Set down every record exactly as it appears.

[Opening MATERIAL SUPPLIED section]

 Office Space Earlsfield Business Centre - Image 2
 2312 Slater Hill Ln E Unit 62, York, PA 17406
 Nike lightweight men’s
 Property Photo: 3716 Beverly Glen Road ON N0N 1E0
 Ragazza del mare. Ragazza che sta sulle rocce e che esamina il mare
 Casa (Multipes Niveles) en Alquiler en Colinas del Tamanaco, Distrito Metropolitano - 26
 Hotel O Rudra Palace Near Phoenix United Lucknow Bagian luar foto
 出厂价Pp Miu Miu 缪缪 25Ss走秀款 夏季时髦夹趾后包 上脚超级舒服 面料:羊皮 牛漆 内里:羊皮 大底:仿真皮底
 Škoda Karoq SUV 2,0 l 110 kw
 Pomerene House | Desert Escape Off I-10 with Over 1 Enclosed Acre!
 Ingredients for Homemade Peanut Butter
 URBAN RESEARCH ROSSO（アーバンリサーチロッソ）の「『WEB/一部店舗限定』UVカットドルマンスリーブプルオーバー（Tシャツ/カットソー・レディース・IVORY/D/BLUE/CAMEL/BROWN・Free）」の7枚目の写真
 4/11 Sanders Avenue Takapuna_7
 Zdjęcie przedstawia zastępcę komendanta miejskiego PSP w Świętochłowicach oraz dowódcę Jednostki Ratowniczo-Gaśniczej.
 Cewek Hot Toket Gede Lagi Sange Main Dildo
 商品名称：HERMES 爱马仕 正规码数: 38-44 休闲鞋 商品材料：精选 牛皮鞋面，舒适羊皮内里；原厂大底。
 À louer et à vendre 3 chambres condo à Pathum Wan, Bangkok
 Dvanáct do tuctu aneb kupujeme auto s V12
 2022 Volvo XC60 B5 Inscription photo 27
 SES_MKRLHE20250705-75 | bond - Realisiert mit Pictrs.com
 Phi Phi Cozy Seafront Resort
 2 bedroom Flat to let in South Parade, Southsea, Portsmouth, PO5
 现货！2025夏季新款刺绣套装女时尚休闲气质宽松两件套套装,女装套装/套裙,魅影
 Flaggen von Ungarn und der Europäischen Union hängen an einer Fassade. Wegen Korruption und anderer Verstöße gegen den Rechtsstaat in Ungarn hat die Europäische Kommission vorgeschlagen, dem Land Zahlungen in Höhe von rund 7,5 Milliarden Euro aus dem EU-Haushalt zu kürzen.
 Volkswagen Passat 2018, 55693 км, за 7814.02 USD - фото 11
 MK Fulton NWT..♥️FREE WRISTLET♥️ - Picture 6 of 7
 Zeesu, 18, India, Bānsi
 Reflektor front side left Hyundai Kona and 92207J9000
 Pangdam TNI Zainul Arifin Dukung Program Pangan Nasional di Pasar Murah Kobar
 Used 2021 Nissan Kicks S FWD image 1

[Closing MATERIAL SUPPLIED section]

• **REPLY**
 Office Space Earlsfield Business Centre - Image 2
 2312 Slater Hill Ln E Unit 62, York, PA 17406
 Nike lightweight men’s
 Property Photo: 3716 Beverly Glen Road ON N0N 1E0
 Ragazza del mare. Ragazza che sta sulle rocce e che esamina il mare
 Casa (Multipes Niveles) en Alquiler en Colinas del Tamanaco, Distrito Metropolitano - 26
 Hotel O Rudra Palace Near Phoenix United Lucknow Bagian luar foto
 出厂价Pp Miu Miu 缪缪 25Ss走秀款 夏季时髦夹趾后包 上脚超级舒服 面料:羊皮 牛漆 内里:羊皮 大底:仿真皮底
 Škoda Karoq SUV 2,0 l 110 kw
 Pomerene House | Desert Escape Off I-10 with Over 1 Enclosed Acre!
 Ingredients for Homemade Peanut Butter
 URBAN RESEARCH ROSSO（アーバンリサーチロッソ）の「『WEB/一部店舗限定』UVカットドルマンスリーブプルオーバー（Tシャツ/カットソー・レディース・IVORY/D/BLUE/CAMEL/BROWN・Free）」の7枚目の写真
 4/11 Sanders Avenue Takapuna_7
 Zdjęcie przedstawia zastępcę komendanta miejskiego PSP w Świętochłowicach oraz dowódcę Jednostki Ratowniczo-Gaśniczej.
 Cewek Hot Toket Gede Lagi Sange Main Dildo
 商品名称：HERMES 爱马仕 正规码数: 38-44 休闲鞋 商品材料：精选 牛皮鞋面，舒适羊皮内里；原厂大底。
 À louer et à vendre 3 chambres condo à Pathum Wan, Bangkok
 Dvanáct do tuctu aneb kupujeme auto s V12
 2022 Volvo XC60 B5 Inscription photo 27
 SES_MKRLHE20250705-75 | bond - Realisiert mit Pictrs.com
 Phi Phi Cozy Seafront Resort
 2 bedroom Flat to let in South Parade, Southsea, Portsmouth, PO5
 现货！2025夏季新款刺绣套装女时尚休闲气质宽松两件套套装,女装套装/套裙,魅影
 Flaggen von Ungarn und der Europäischen Union hängen an einer Fassade. Wegen Korruption und anderer Verstöße gegen den Rechtsstaat in Ungarn hat die Europäische Kommission vorgeschlagen, dem Land Zahlungen in Höhe von rund 7,5 Milliarden Euro aus dem EU-Haushalt zu kürzen.
 Volkswagen Passat 2018, 55693 км, за 7814.02 USD - фото 11
 MK Fulton NWT..♥️FREE WRISTLET♥️ - Picture 6 of 7
 Zeesu, 18, India, Bānsi
 Reflektor front side left Hyundai Kona and 92207J9000
 Pangdam TNI Zainul Arifin Dukung Program Pangan Nasional di Pasar Murah Kobar
 Used 2021 Nissan Kicks S FWD image 1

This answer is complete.